“Faith always seems to me the function of the soul, as reason is of the mind. You can believe an error, but mistakes are not founded on reason.”
Then she asked him suddenly if the stress that the Cherokees laid on this amulet did not remind him of the attributes of the ark of the Hebrews and their despair because of its capture.
“The ark was a type,—a type,” he declared, looking off with unseeing eyes into the blue and roseate sky and launching out into a dissertation on the image and the reality, the prophecy and its fulfilment, with many a digression to a cognate theme, while Captain Howard affected to listen and went over in his mind his quarter-master’s accounts, the state of the armament of the fort, and the equipment of the men, all having relation to the settling of his affairs in quitting his command.
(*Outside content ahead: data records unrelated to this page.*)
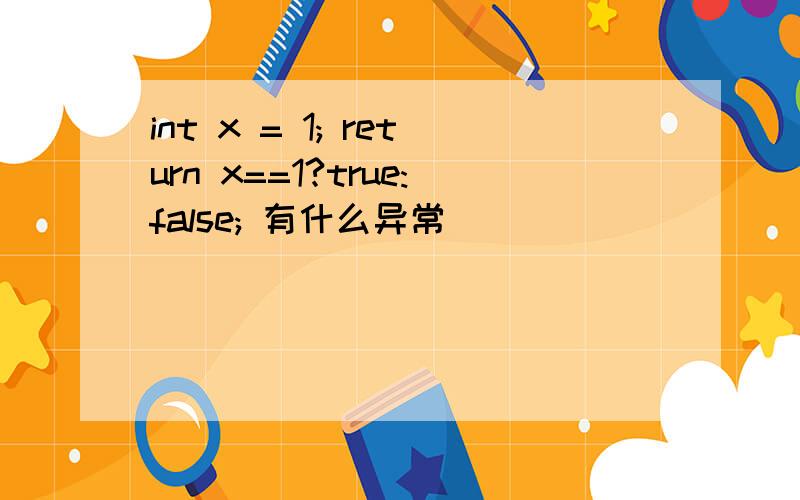 int x = 1; return x==1?true:false; 有什么异常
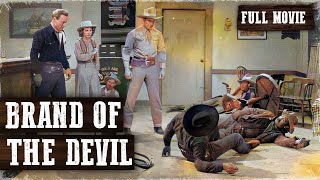 BRAND OF THE DEVIL | Full Western Movie | English | Wild West | Free Movie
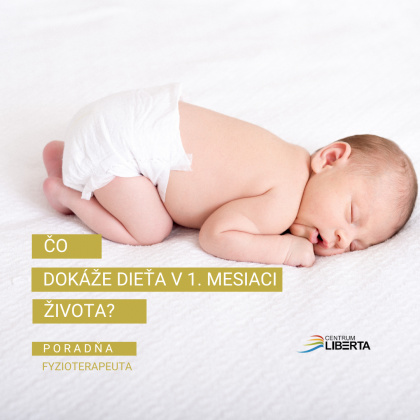 30.4.2024 - Poradňa fyzioterapeuta: 1.mesiac života dieťaťa 30.4.2024 - Poradňa fyzioterapeuta: 1.mesiac života dieťaťa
The younger people chatted in low voices under cover of the monologue, it not being directly addressed to them.
They had slowly strolled along the rampart as they talked, the two elderly men in the rear, the girl in the centre, with her charming fair-haired beauty, more ethereal because of that pervasive, tempered, pearly light which just precedes the dusk, while the young officers, in the foppery of their red coats, their white breeches, their cocked hats, and powdered hair, kept on either side. The party made their way out from the dead salient of the angle, only to be defended by the musketry of soldiers standing on the banquettes, and ascended the rising ground to the terre-pleine, where cannon were mounted en barbette to fire above the parapet.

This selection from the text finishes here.